Note: c1 is referenced by both c3 and c4 — fan-out in the transposed graph itself. This is handled correctly by subsequent transforms (see next section).


III. Higher-Order AD and Accumulation Correctness

FoR: linearize the transposed graph

The transposed graph T1 computes ct_x = 4x · ct_y as a function of (x, ct_y). To get the second derivative (FoR), linearize T1 wrt x via resolve([F0, T1]).

Primal tangents:

dp0 = dx2
dp1 = d(Add(p0, p0)) = Add(dx2, dx2) = 2·dx2

Tangent of each T1 node (dc0 = None because ct_y does not depend on x):

dc1 = d(Mul(p0, c0)):  dp0 = dx2, dc0 = None
    → Mul(dx2, c0) = dx2 · ct_y

dc2 = d(Mul(p1, c0)):  dp1 = 2·dx2, dc0 = None
    → Mul(Add(dx2, dx2), c0) = 2·dx2 · ct_y

dc3 = d(Add(c2, c1)):  ← accumulation Add, linearized normally
    → Add(dc2, dc1) = 2·dx2·ct_y + dx2·ct_y = 3·dx2·ct_y

dc4 = d(Add(c3, c1)):  ← accumulation Add, linearized normally
    → Add(dc3, dc1) = 3·dx2·ct_y + dx2·ct_y = 4·dx2·ct_y

Result: dc4 = 4·dx2·ct_y → f’’ = 4 ✓ (f=2x², f’=4x, f’’=4)

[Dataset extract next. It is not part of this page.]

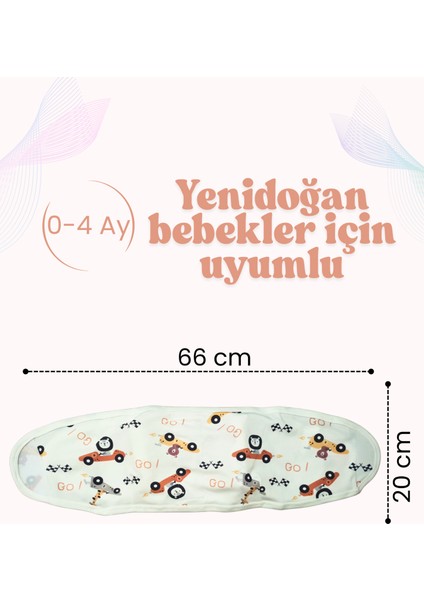 Bebek Yarım Kundak 0-4 Ay Erkek Araba Desenli %100 Pamuk Çift Taraflı Bel Destekli - Kemer Kundak indirimleri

Why this is self-consistent

  1. Accumulation produces normal graph nodes. The Add nodes emitted during linear_transpose carry role=Linearized{[active, active]}. They have the same linearize and transpose_rule as any other Add node.

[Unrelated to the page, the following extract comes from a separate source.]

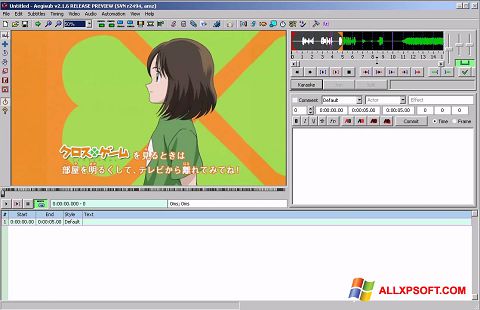Captura de pantalla Aegisub para Windows XP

  2. Fan-out in transposed graphs is safe. c1 is used by both c3 and c4. In the forward direction (FoR), dc1 feeds into both dc3 and dc4’s linearize — this is just multiple references to the same tangent value, which is always correct in forward mode.

  3. Further linear_transpose (RoR) also works. If we linear_transpose the FoR graph, dc1 being used twice would cause two cotangents to flow to dc1’s key. The same HashMap accumulation mechanism handles this recursively.

  4. No special-casing at any level. The linearize and linear_transpose algorithms are uniform: linearize calls Op::linearize for each node, linear_transpose calls Op::transpose_rule and accumulates. The accumulation Add is indistinguishable from any other Add in the graph.


IV. Typical Pipelines

JVP:
  build -> resolve -> linearize -> materialize_merge -> compile -> eval

VJP (grad):
  build -> resolve -> linearize -> linear_transpose -> materialize_merge -> compile -> eval

2nd directional derivative (FoF):
  build -> resolve -> linearize -> resolve -> linearize
       -> materialize_merge -> compile -> eval

HVP (FoR = jvp(vjp(f))):
  build -> resolve -> linearize -> linear_transpose -> resolve -> linearize
       -> materialize_merge -> compile -> eval

n-th derivative:
  build -> (resolve -> linearize) x n -> [linear_transpose] -> materialize_merge -> compile -> eval

resolve, materialize_merge, compile, eval are provided by computegraph-rs. tidu-rs only adds linearize and linear_transpose.


V. Linear Nodes

The linear graph uses the same primitive set as the primal graph. There is no dedicated Scale primitive.

Mul(a, dx)   role=Linearized { active_mask=[fixed, active] }
Add(dx, dy)  role=Linearized { active_mask=[active, active] }
Exp(x)       role=Primary

The linearization of Exp(x) emits:

Mul(External(exp(x)), dx) role=Linearized { active_mask=[fixed, active] }

Active mask is part of identity (OperationRole::Linearized vs Primary). Nodes that evaluate the same way but linear_transpose differently must not alias.


VI. Design Boundaries

tidu-rs owns:
  - Primitive trait
  - linearize (JVP transform)
  - linear_transpose (reverse linear flow)
  - LinearizedGraph data structure

tidu-rs does NOT own:
  - graph infrastructure → computegraph-rs
  - concrete primitives → downstream (tenferro-rs)